(The input)

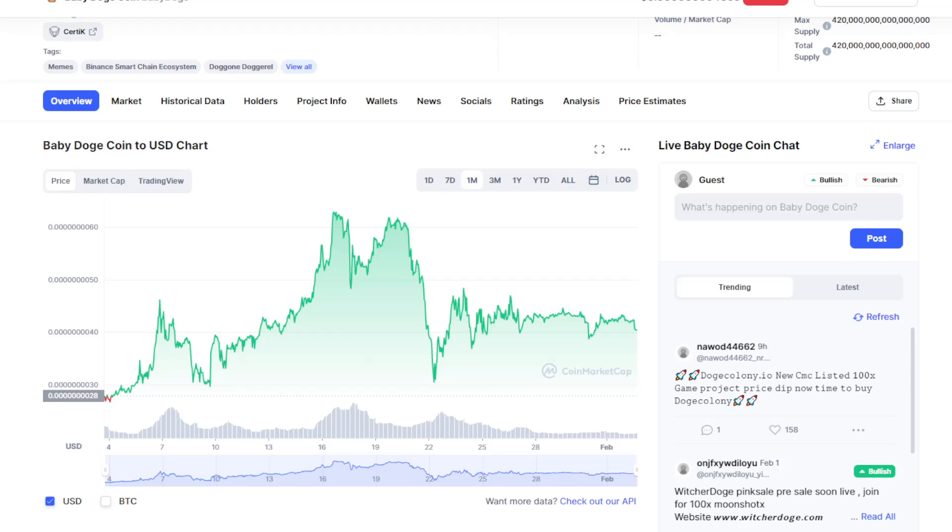Hello everybody and welcome to the channel. In today's video we're going to speak about Baby Doge tokens, so without further ado let's try to get around and see what's going on with Baby Doge.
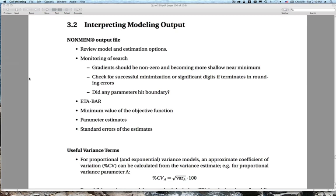The output also warns if any parameters hit a boundary — you don't want a parameter running against an artificial boundary. There's the eta-bar diagnostic — the mean of the individual etas — where our parametric assumption is that it equals zero. The minimum value of the objective function is useless by itself, but useful when comparing across models within the same estimation method. And the parameter estimates themselves are quite informative — are they realistic? — as well as the standard errors of those estimates, defining precision around the parameters.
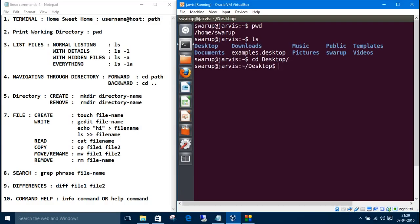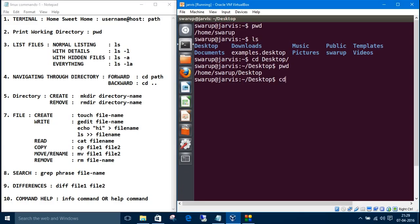Okay, now we are in Desktop. If you want to navigate backward, just type cd dot dot.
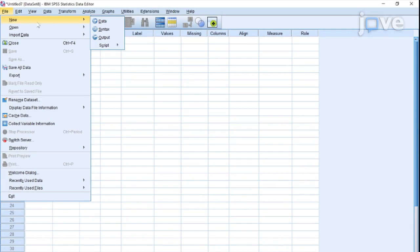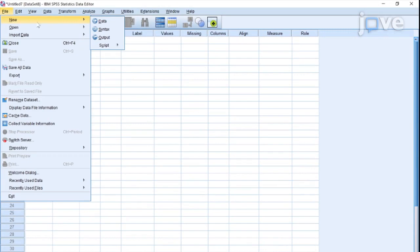Open Variable View and create a statistical variable for each variable listed in Table 1 in the manuscript.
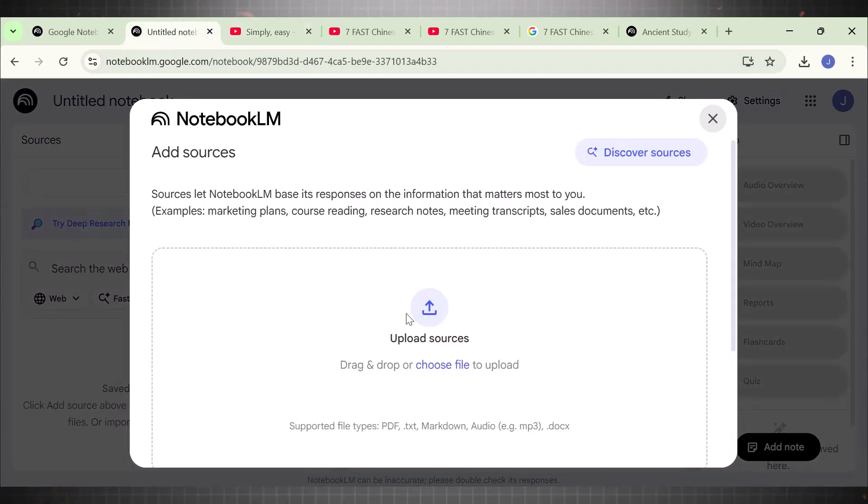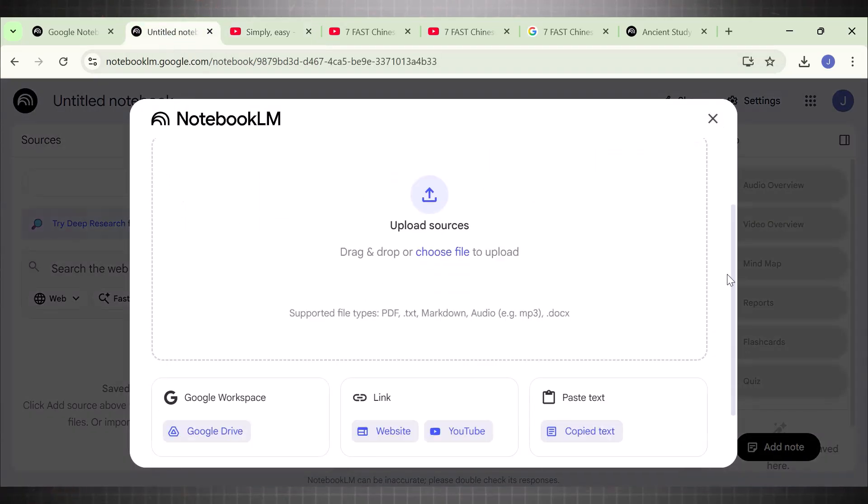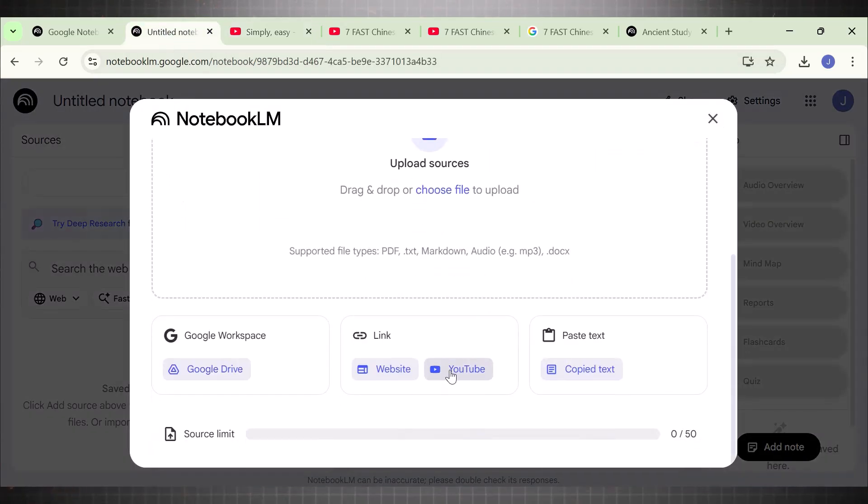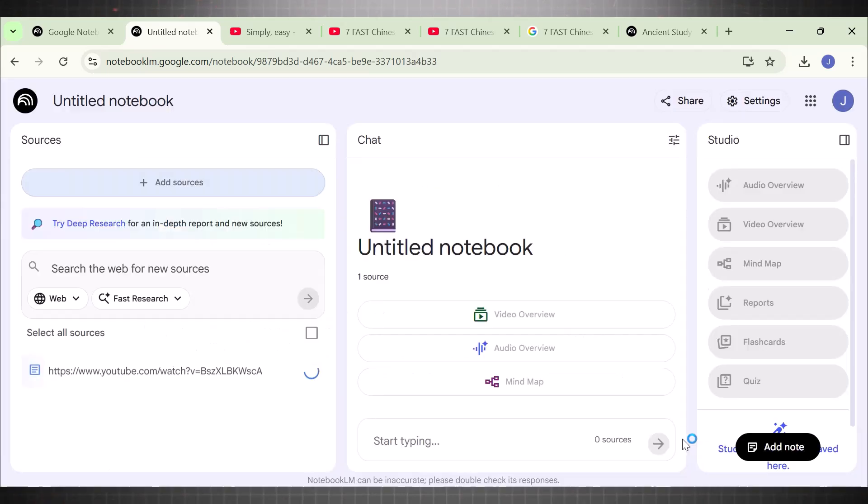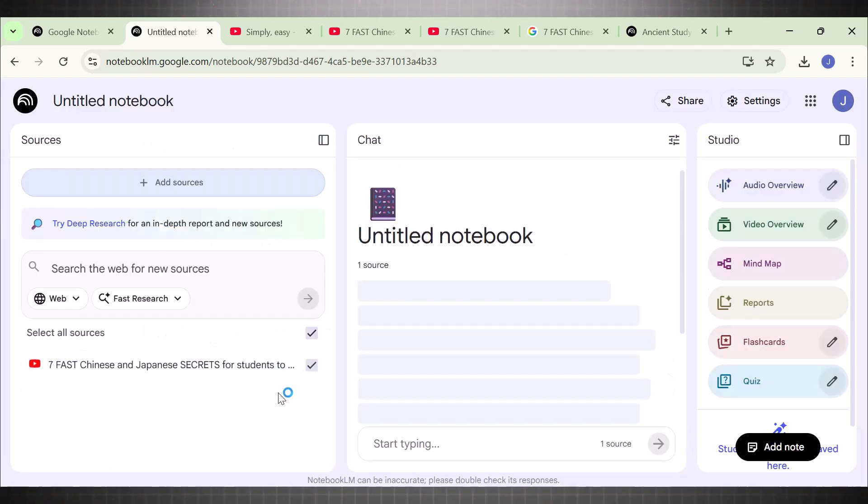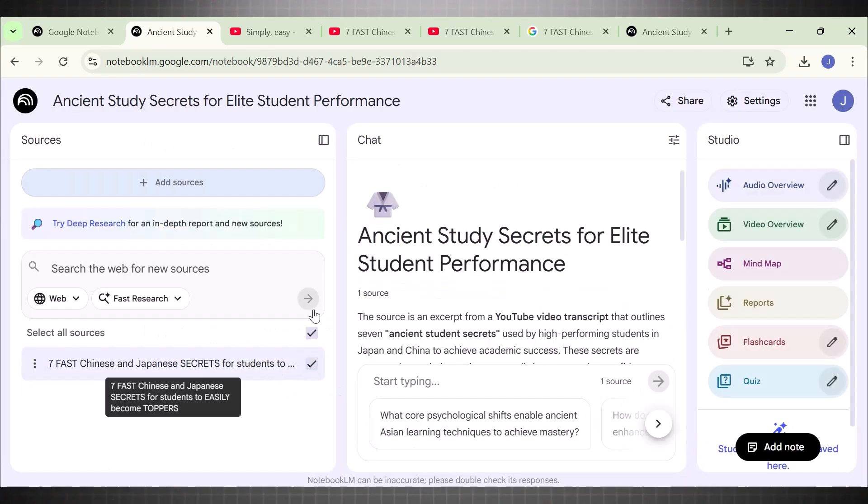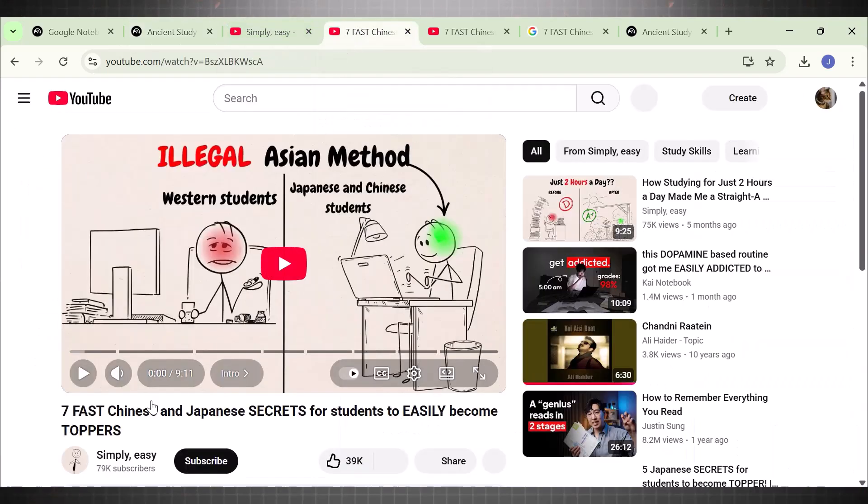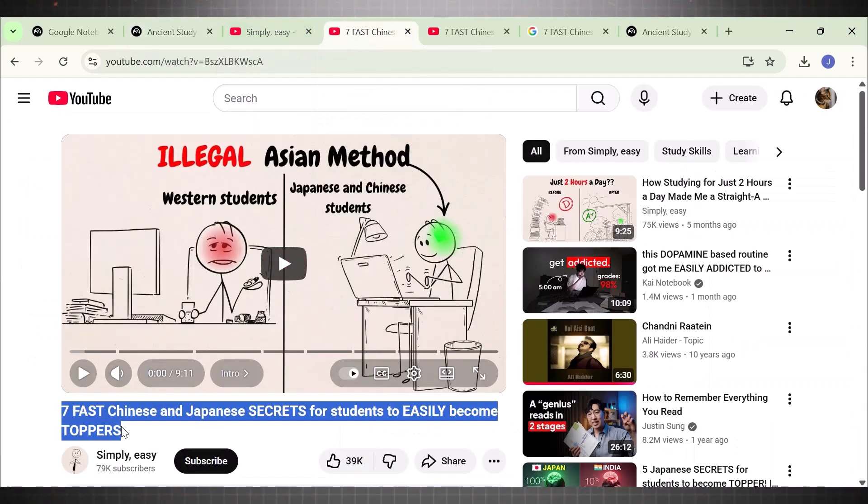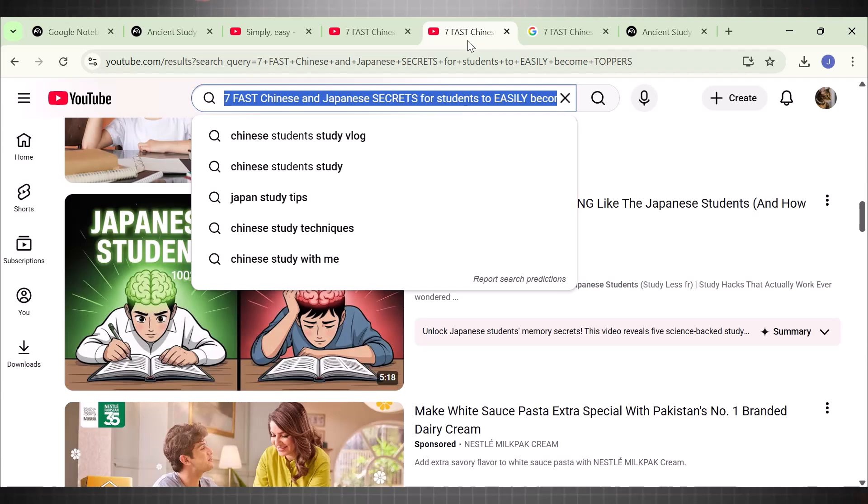Go to Add Source. Now scroll down and add the link. Since this is a YouTube video link, so we will add it here. Now I suggest you to add five to six sources here to help the tool understand your topic in a better way.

(End The input)

What to do
Reproduce the data above line for line, from its first line through the line containing "Okay, now we", both ends included, with the pictures omitted and nothing more.

Exercise answer
Hello everybody and welcome to the channel. In today's video we're going to speak about Baby Doge tokens, so without further ado let's try to get around and see what's going on with Baby Doge.
The output also warns if any parameters hit a boundary — you don't want a parameter running against an artificial boundary. There's the eta-bar diagnostic — the mean of the individual etas — where our parametric assumption is that it equals zero. The minimum value of the objective function is useless by itself, but useful when comparing across models within the same estimation method. And the parameter estimates themselves are quite informative — are they realistic? — as well as the standard errors of those estimates, defining precision around the parameters.
Okay, now we are in Desktop. If you want to navigate backward, just type cd dot dot.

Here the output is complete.